- Lucia, the mother: I realize now that I've never had any real interest in anything. I don't mean anything grand. Just the simple, everyday interest my husband takes in his work, or my son in his studies, or Odetta in family life. I've had nothing like that. I don't know how I lived with such emptiness, yet I did. If there was anything at all, some instinctive love of life, it has withering away - like a garden where no one ever goes. Actually, that void was filled with false and wretched values, an appalling jumble of misguided ideas. Now I see: You filled my life with a real and total interest. So by leaving, you're not destroying anything that was there before, except my chaste bourgeois reputation. Who cares about that?
- Paolo, the father: What are you reading?

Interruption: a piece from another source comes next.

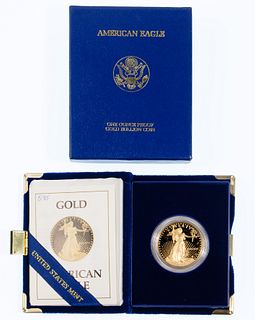 1989-W $50 Gold American Eagle Proof Bullion Coin
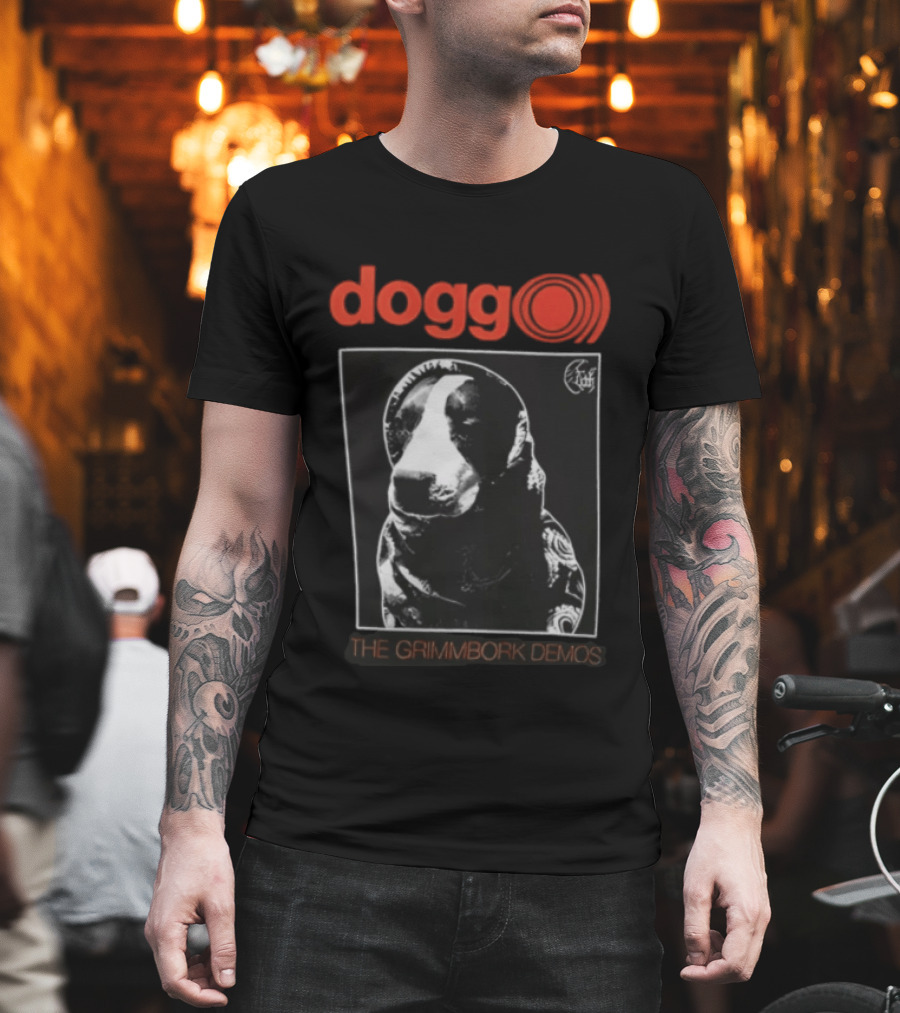 Dogg The Grimmbork Demos Monochrome Canine T-Shirt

- The Visitor: [Reading Rimbaud] "He was at his daily tasks and that stroke of goodness would take longer to come around again than a star. The Adorable One who'd appeared without my ever hoping he would has not returned and will never return again."
- Paolo, the father: You must have come here to destroy. The destruction you've caused in me couldn't be more complete. You've simply destroyed the idea I've always had of myself. Now I see absolutely nothing capable of giving me back my identity. What are you suggesting? A scandal tantamount to social suicide - a complete loss of myself? But how can this be for a man accustomed to believing in order, in the future, and above all in ownership?
- Pietro, the son: I no longer even recognize myself. What made me like the others has been destroyed. I was like everyone else, with many faults, perhaps, mine and those of the world around me. You made me different by taking me out of the natural order of things.
- [last lines]
- Emilia, the servant: Don't be afraid. I didn't come her to die but to weep. These are not tears of sorrow. No, they'll be a wellspring, but not a wellspring of suffering. Go on now. Go away.
- Factory Worker: The bourgeoisie will never turn all humanity into bourgeoisie.
- Pietro, the son: We must try to come up with new, unrecognizable techniques resembling nothing that's come before to avoid the childish and the absurd. One must build one's own world that allows no comparisons where previous standards don't apply. The standards too must be new, like the techniques themselves.
- Pietro, the son: No one must realize that the artist is worthless, that he's an abnormal, inferior being, squirming and slithering like a worm to survive. No one must ever witness his lapses into clumsy artlessness. Everything must appear perfect, based on unknown and hence unquestionable rules. Like a madman.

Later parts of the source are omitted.